Fortnite’s battle with Apple and Google could have an impact on news publishers - woldemariam
https://www.niemanlab.org/2020/08/fortnites-battle-with-apple-and-google-could-have-an-impact-on-news-publishers-too/
======
tsycho
A lot of the articles and comments I have read, focus on the 30% cut. Which is
definitely high, though primarily for those who sell externally licensed
and/or non-digital goods.

But to me (with my almost decade long iOS developer experience), the bigger
problems are:

* You cannot install apps on an iPhone (even on a phone that you own) without paying Apple. Without a developer account, an app that you build and self sign works for only 7 days.

* If you are an app that exists on other platforms, and/or accepts payments on other platforms, you can't describe that or even link to it, from your iOS app. Your users need to know that the alternative options exist on their own. See the Netflix sign in screen for a nice example, but realize that 99% of apps won't get away with that, only apps the size of Netflix can.

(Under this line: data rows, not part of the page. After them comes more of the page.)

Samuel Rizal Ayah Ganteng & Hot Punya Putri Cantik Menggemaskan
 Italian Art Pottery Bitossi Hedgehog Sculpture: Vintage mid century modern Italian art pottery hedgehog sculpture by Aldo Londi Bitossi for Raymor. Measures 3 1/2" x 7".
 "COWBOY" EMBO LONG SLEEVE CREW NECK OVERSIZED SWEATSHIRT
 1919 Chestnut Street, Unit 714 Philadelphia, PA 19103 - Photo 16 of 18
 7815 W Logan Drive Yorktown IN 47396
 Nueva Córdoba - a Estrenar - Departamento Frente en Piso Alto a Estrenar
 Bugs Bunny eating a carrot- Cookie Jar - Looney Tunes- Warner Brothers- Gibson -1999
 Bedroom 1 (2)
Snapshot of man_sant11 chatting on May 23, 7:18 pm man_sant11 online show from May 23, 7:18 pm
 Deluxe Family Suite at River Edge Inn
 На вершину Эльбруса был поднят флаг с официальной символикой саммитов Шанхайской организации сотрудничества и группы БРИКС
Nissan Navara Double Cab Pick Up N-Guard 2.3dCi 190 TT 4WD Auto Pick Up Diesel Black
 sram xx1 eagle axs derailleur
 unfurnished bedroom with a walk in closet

* You can only ship apps that Apple's inconsistent review board agrees with. And of course, the rules and their inconsistent application keep changing in favor of Apple's competing apps, which of course have access to internal APIs and don't pay a 30% cut either. Spotify is a good example here, but it's worse for many smaller companies.

* And now macOS is adopting the worst of iOS' draconian policies. You won't be able to run non-notarized apps on macOS on Apple Silicon based computers at all.

Unfortunately there are many who drink the Apple koolaid about all of this
being all about security. There are legitimately good things that Apple does
which enhance user security, and I welcome changes like the new IDFA policy of
iOS 14, but let's not pretend that Apple does those because they affect
Apple's competitors' business and strengthen Apple's (you have to now use
Apple's sdk for user tracking).

But none of the things I wrote about above are about the user, and some of
them are actively worse for Apple's users (eg: not being able to buy a book on
the Kindle app easily).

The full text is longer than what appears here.